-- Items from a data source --
·····

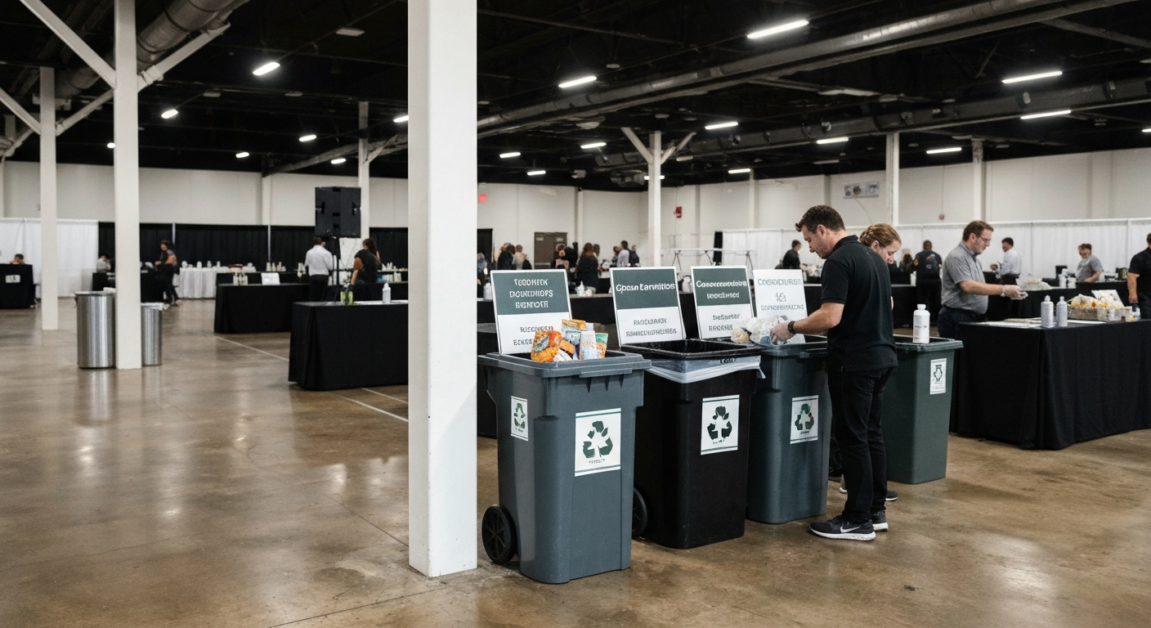 Eco-friendly waste sorting in an Orlando event space with recycling and compost bins used by staff.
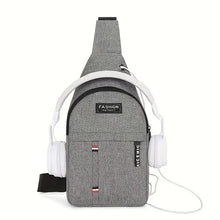 Load image into Gallery viewer, New Men&#39;s Gray  Canvas Chest Bag With Eyelets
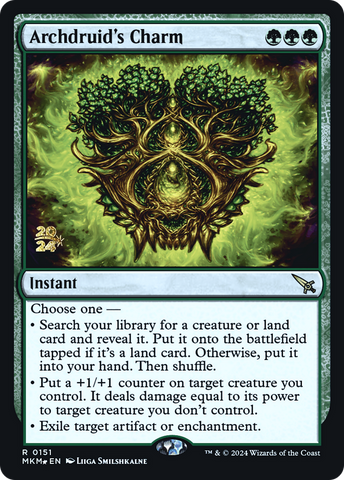 {R} Archdruid's Charm [Murders at Karlov Manor Prerelease Promos][PR MKM 151]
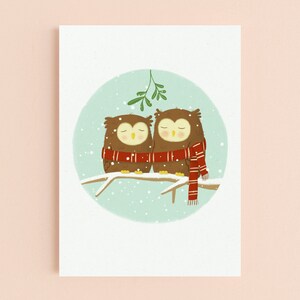 Kerstkaart cozy uiltjes
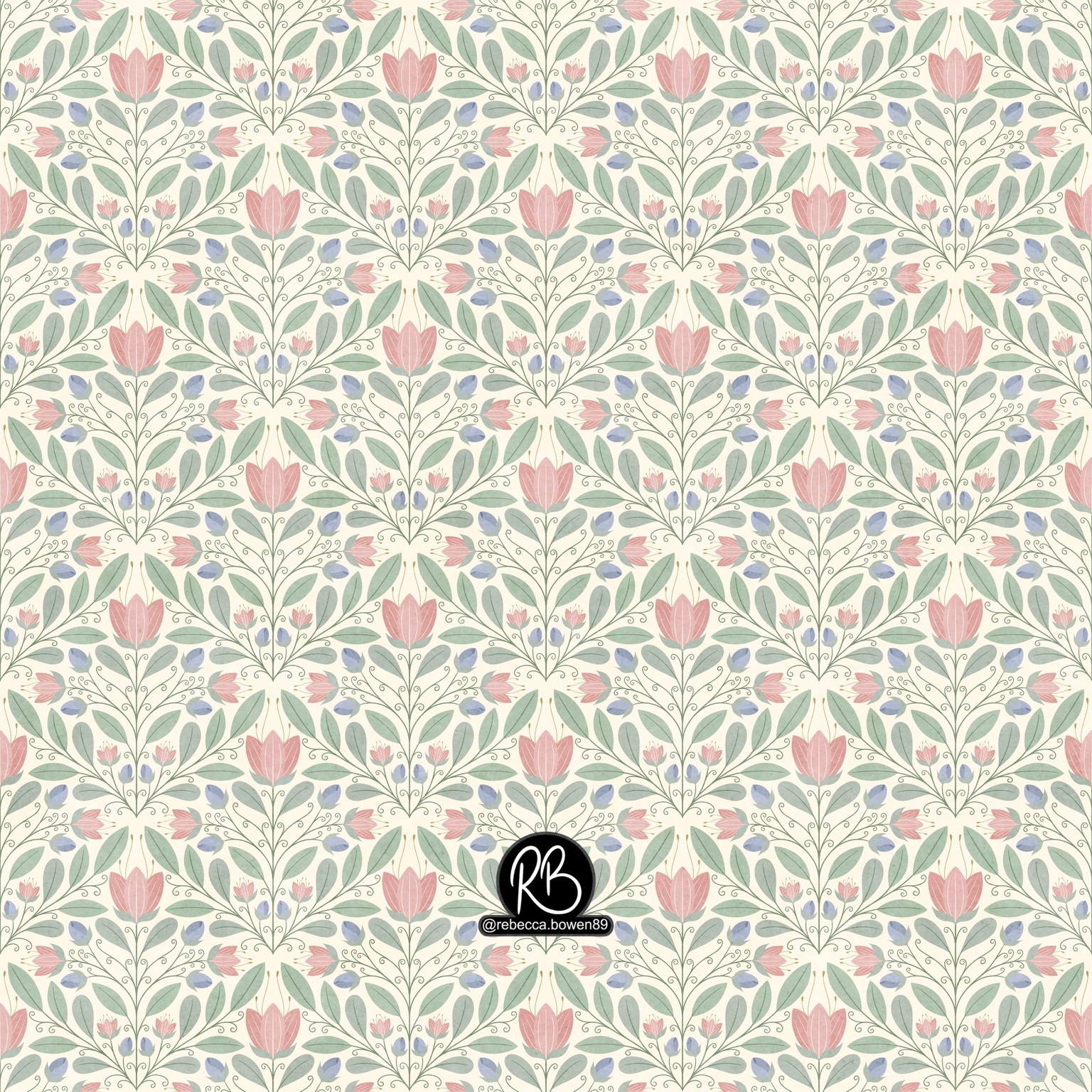 Delicate Pastel Flower Pattern - image 1 - student project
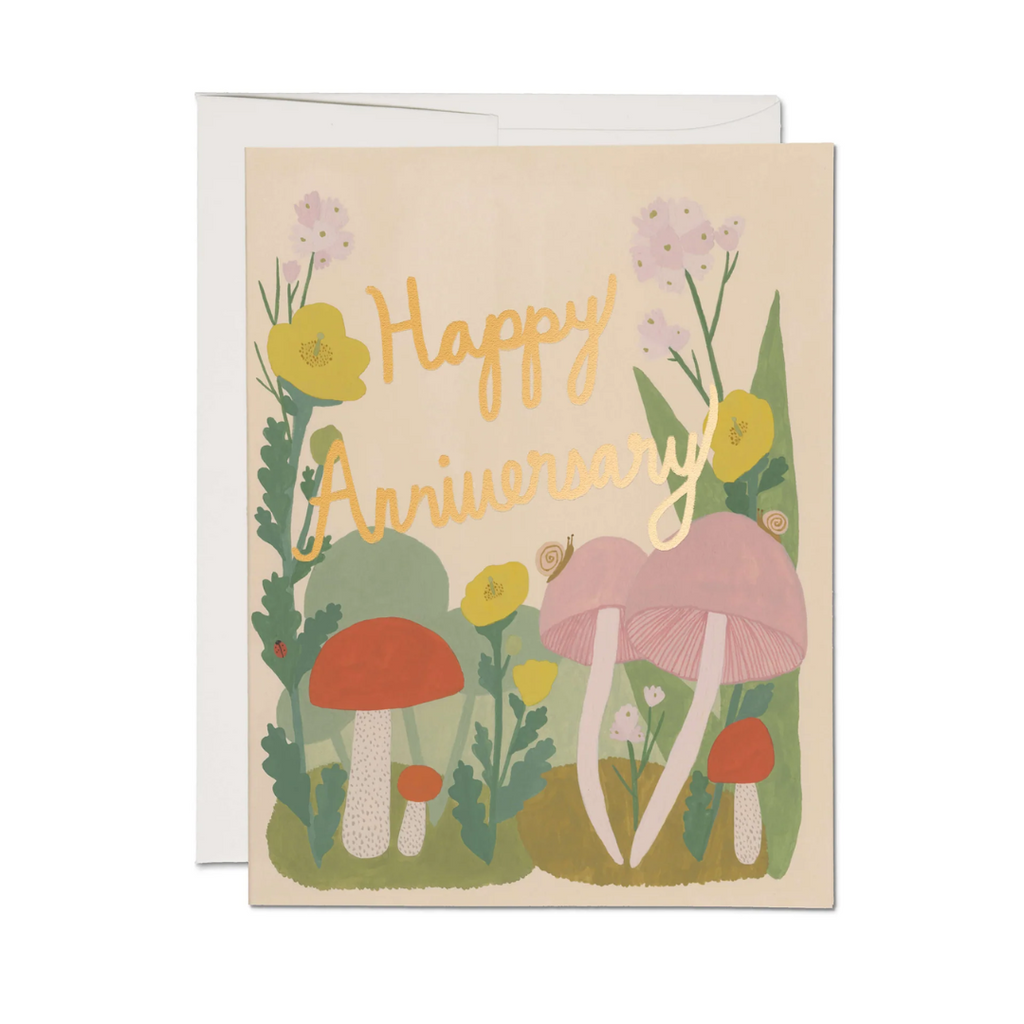 Woodland Anniversary Gold Foiled Greeting Card - Freshie & Zero Studio Shop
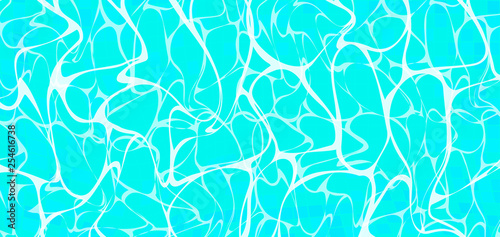 Blue Summer Water Waves with Reflections in Swimming Pool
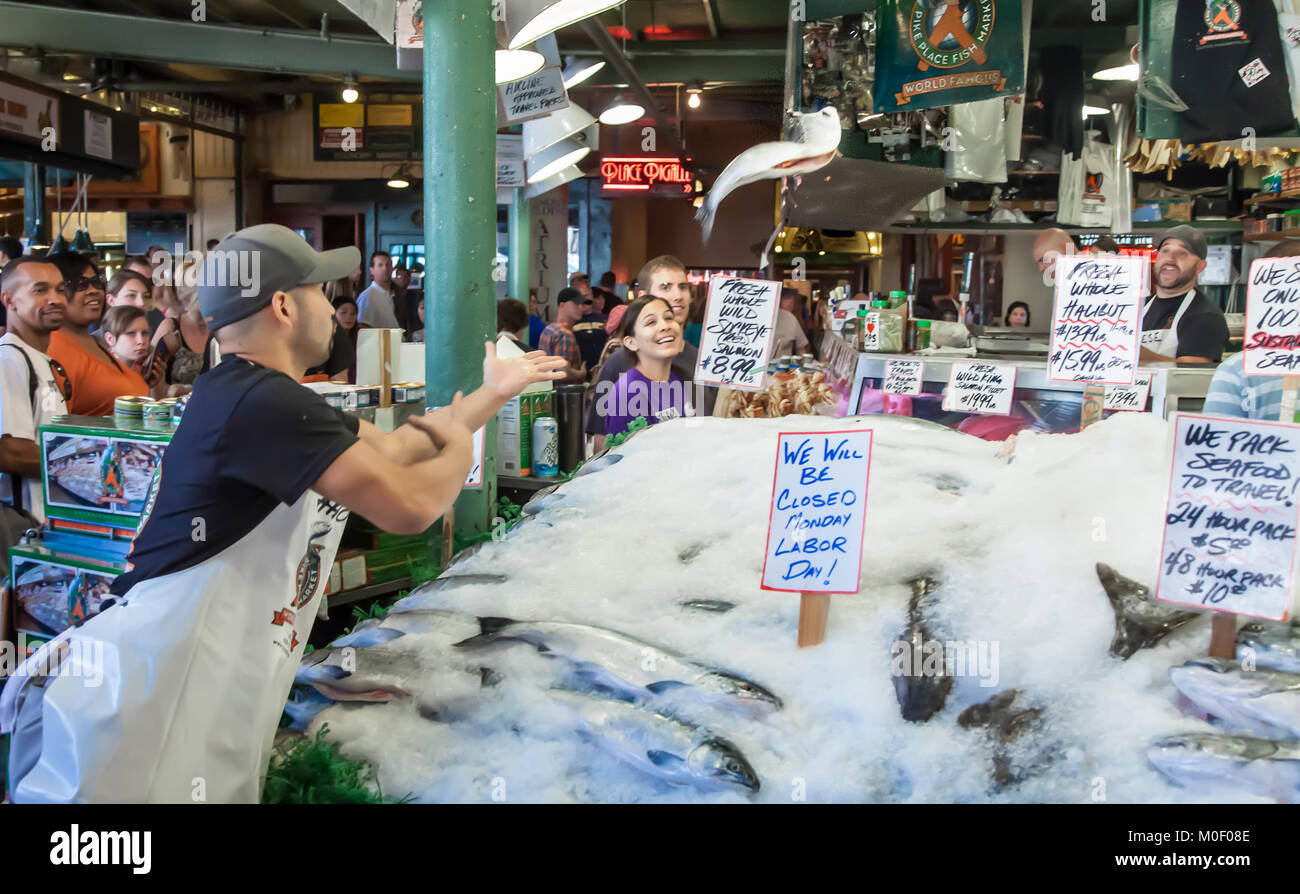 Flying fish, Pike Place Fish Market, Seattle, Washington, USA Stock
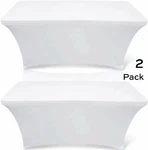 6-FEET Rectangle Stretchable Cover, White, 2 Pack. Fixed Price $22.36.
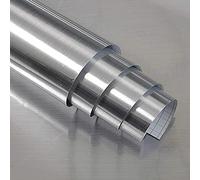 Hopepak Stainless Steel Contact Paper Peel and Stick Waterproof Silver Metallic Wallpaper Self Adhesive Removable Vinyl Roll for Kitchen Cabinet Refrigerator Dishwasher Countertop 17.3''x118''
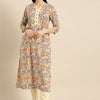 Dhiyona VR Women's Sea Green And Mustard Floral Printed Straight Kurta With Printed Trouser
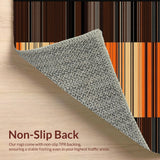 Ultra Soft Area Rug, Non Slip, Stain Resistant, Washable Area Rugs for Living Room, Bedroom, Rustic Earthy Striped Textile(Brown)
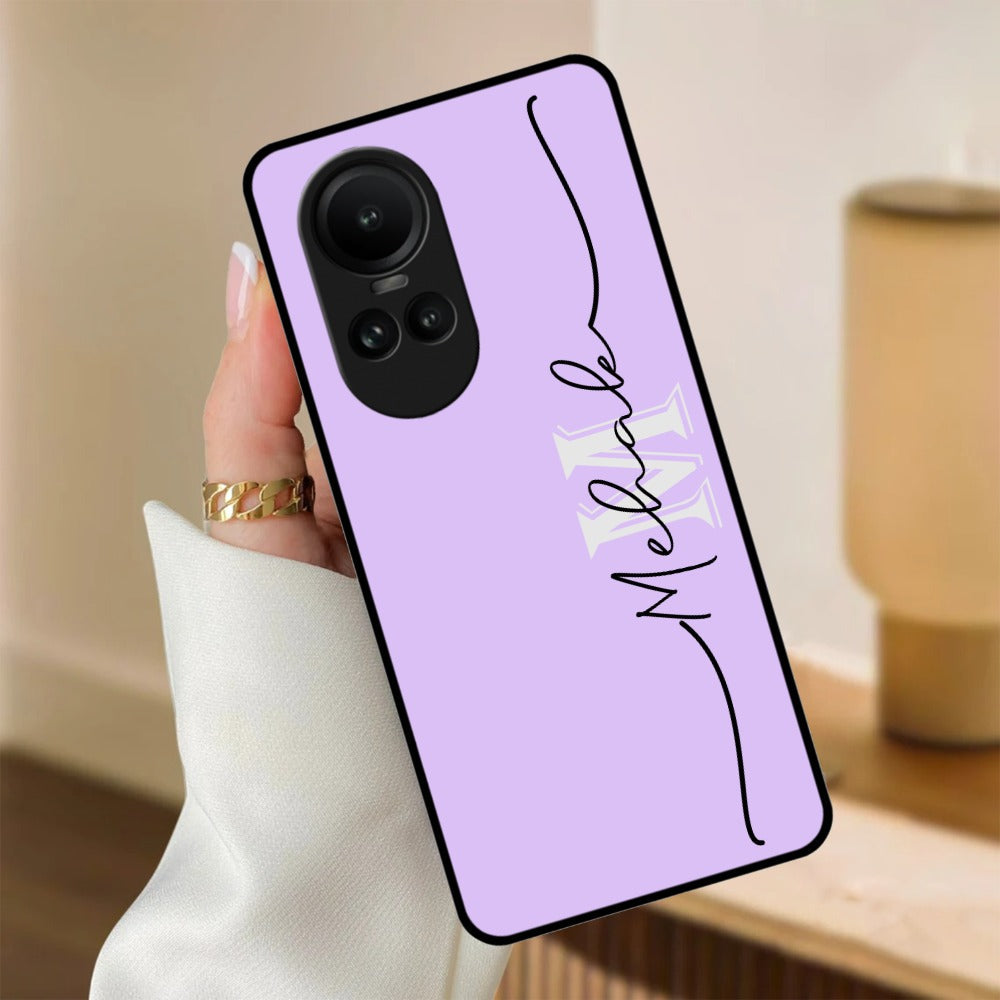 Personalized Initials Lavender Glossy Metal Case Cover For Oppo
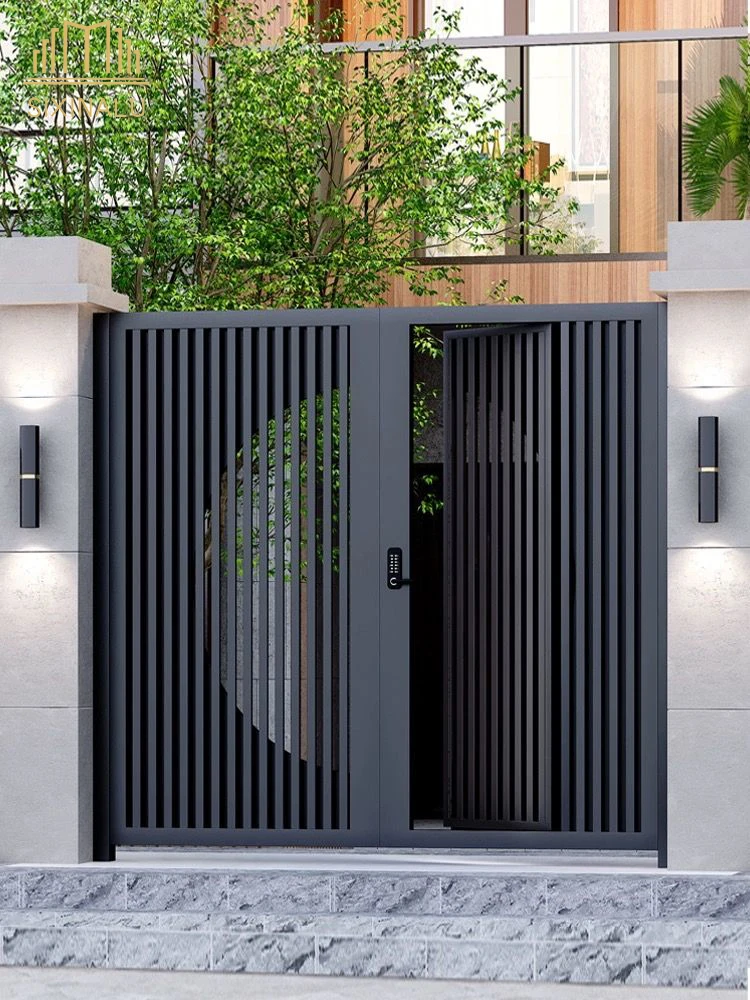 

SIXINALU Gates Casement Door Sliding Main Aluminum Fence Entrance Exterior Patio Back Side House Doors Home Decor Custom Panel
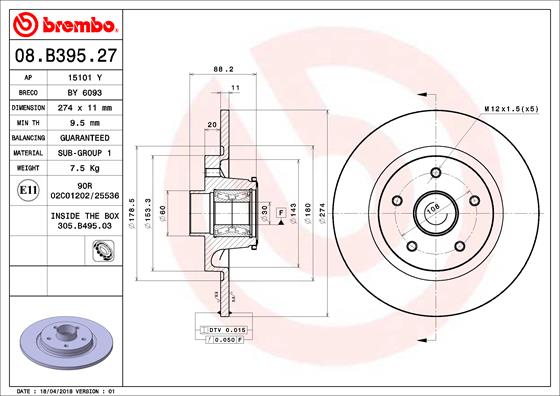 Тормозной диск PRIME LINE - With Bearing Kit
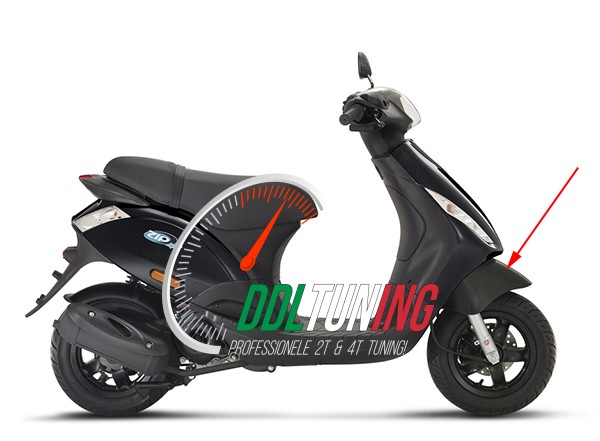 VOORSPATBORD PIAGGIO ZIP2000/ ZIP 4T ZWART ORIG 1B000996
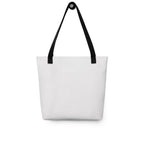 Rear view of a grey tote bag with black handles featuring the MODERNISTLY logo in white.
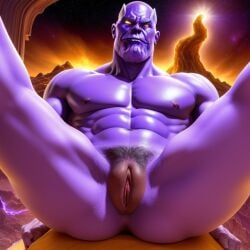 ai_generated alien ass avengers bald cuntboy cuntboy_only humanoid juicy_butt juicy_pussy legs_apart legs_held_open legs_spread male marvel marvel_cinematic_universe muscular pecs pubes_exposed pubic_hair purple_skin pussy solo space_background thanos thick_thighs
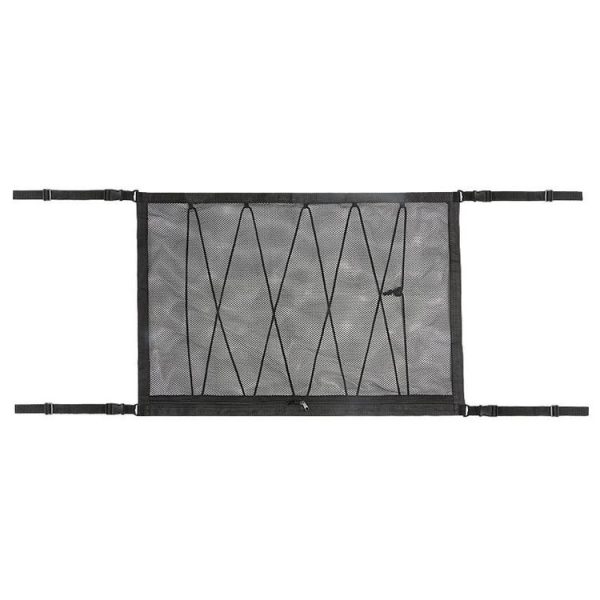 Car Ceiling Storage Net Bag Draw Rope Double-Layer Zipper Car Storage Net Pocket (80x55cm)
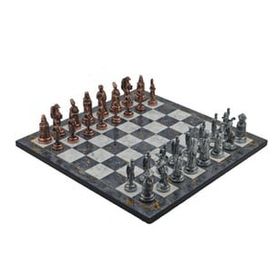 Gift Home Metal Satranç Takımı Büyük Osmanlı Bizans Antik ve Gri Mermer Desenli Satranç Tahtası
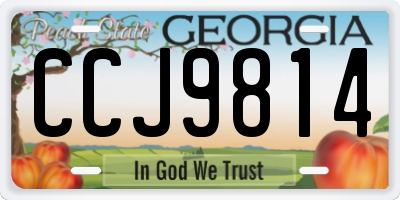GA license plate CCJ9814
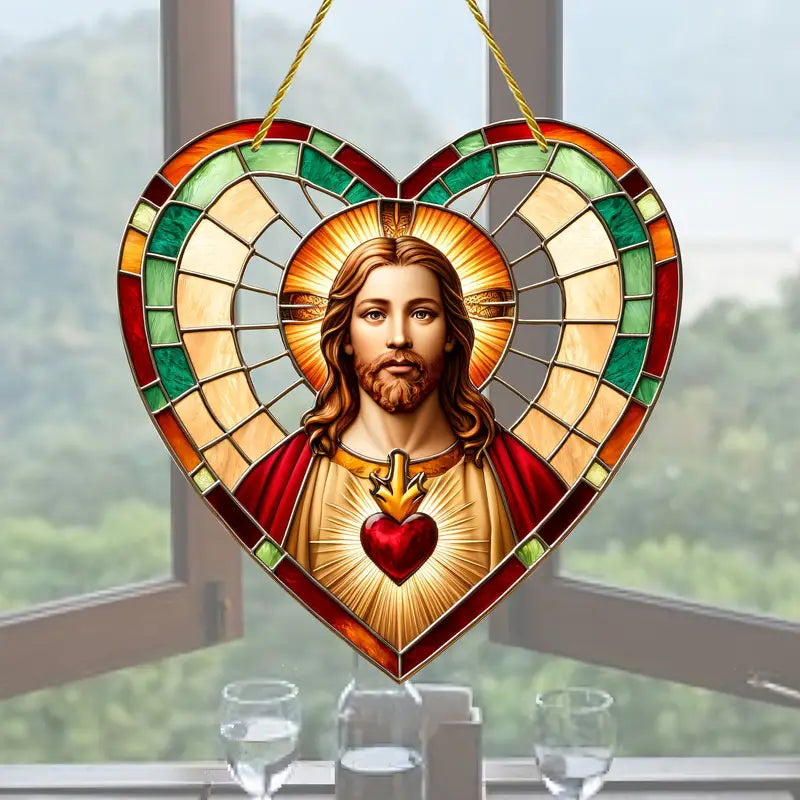 Vitral Decorativo Em Acrílico Jesus Amoroso | Decoração Religiosa Para Sua Casa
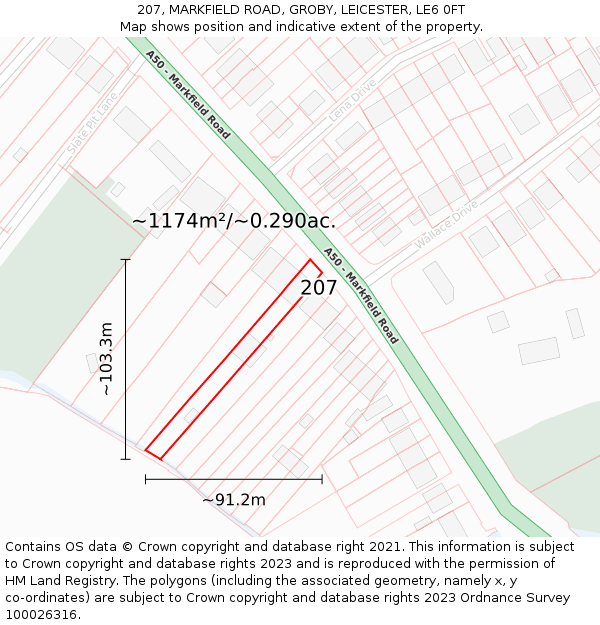 207, MARKFIELD ROAD, GROBY, LEICESTER, LE6 0FT: Plot and title map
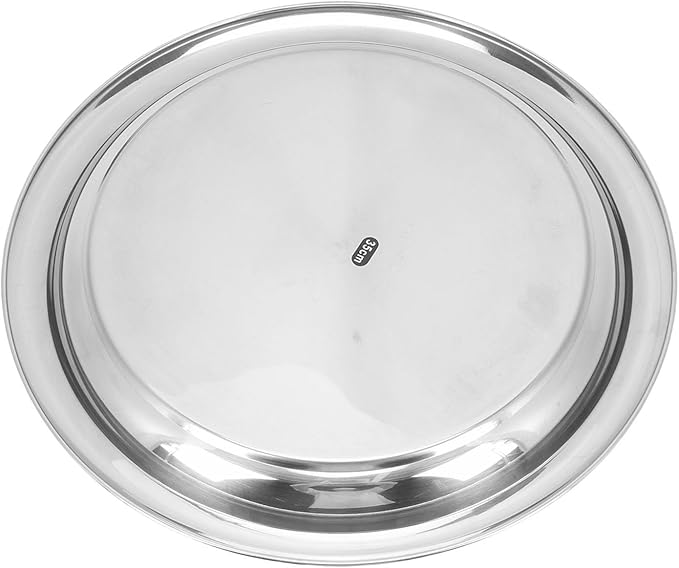 Zerodis Round Silver Serving Tray, Stainless Steel Bar Tray with Swirl Pattern, 35 Cm for Drinks and Snacks, Ideal for Coffee Table and Tea Serving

·····

-- WHAT IS NEEDED --
Starting at the line that contains "Vitral Decorativo Em", transcribe each line through the last one of the entries above, exactly and without pictures.

-- TASK ANSWER --
 Vitral Decorativo Em Acrílico Jesus Amoroso | Decoração Religiosa Para Sua Casa
 207, MARKFIELD ROAD, GROBY, LEICESTER, LE6 0FT: Plot and title map
 Zerodis Round Silver Serving Tray, Stainless Steel Bar Tray with Swirl Pattern, 35 Cm for Drinks and Snacks, Ideal for Coffee Table and Tea Serving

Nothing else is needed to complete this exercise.